=== Section Start ===

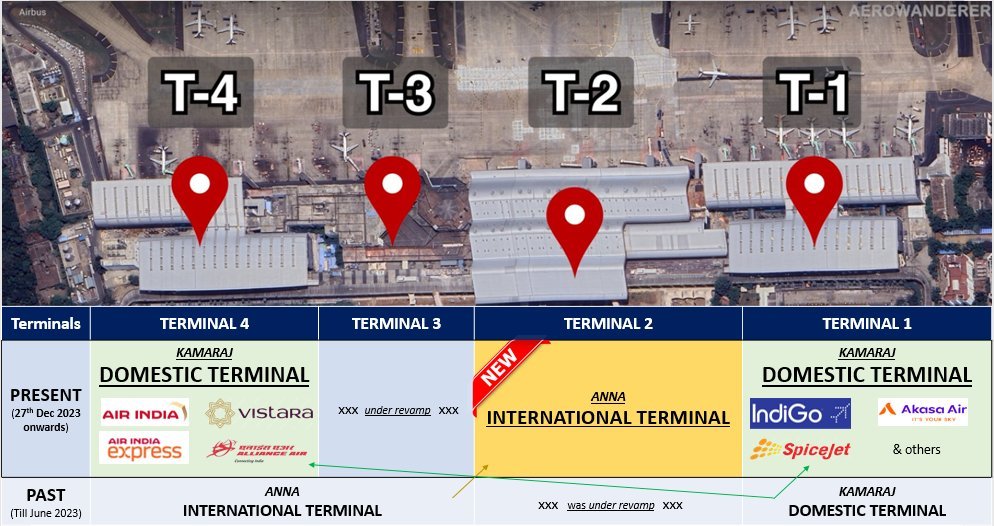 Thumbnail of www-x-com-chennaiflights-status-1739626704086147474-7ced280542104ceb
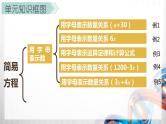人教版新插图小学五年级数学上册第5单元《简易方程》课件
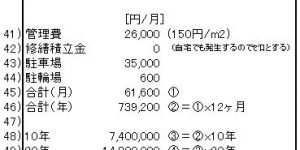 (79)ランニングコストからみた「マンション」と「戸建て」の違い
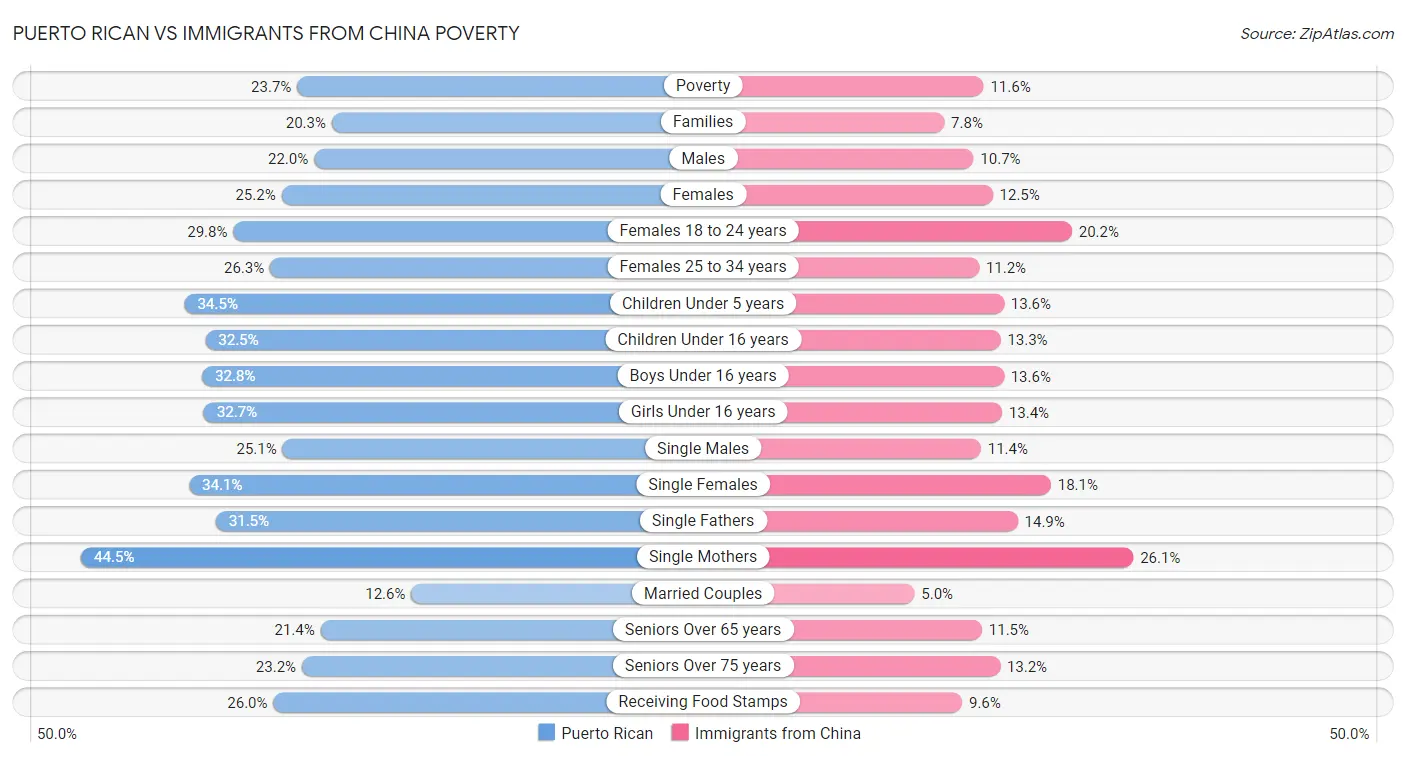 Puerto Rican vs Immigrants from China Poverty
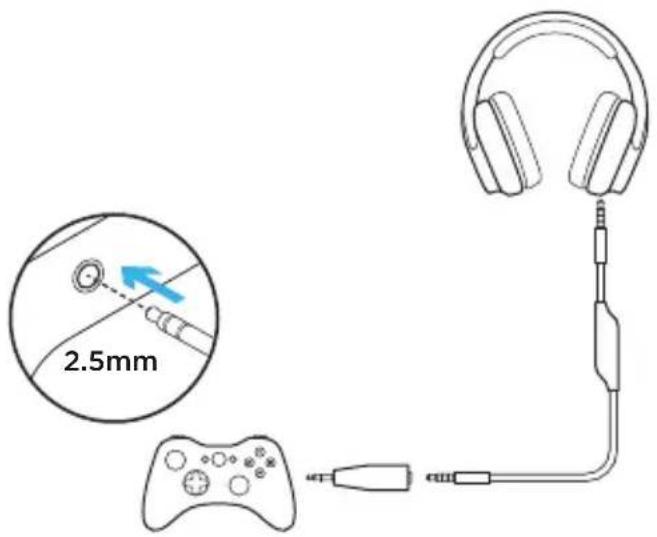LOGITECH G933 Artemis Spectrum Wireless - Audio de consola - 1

=== Section End ===

**What the exercise asks**: Restate the whole of the material word for word without the pictures.

**Worked solution**:
 Thumbnail of www-x-com-chennaiflights-status-1739626704086147474-7ced280542104ceb
人教版新插图小学五年级数学上册第5单元《简易方程》课件
 (79)ランニングコストからみた「マンション」と「戸建て」の違い
 Puerto Rican vs Immigrants from China Poverty
LOGITECH G933 Artemis Spectrum Wireless - Audio de consola - 1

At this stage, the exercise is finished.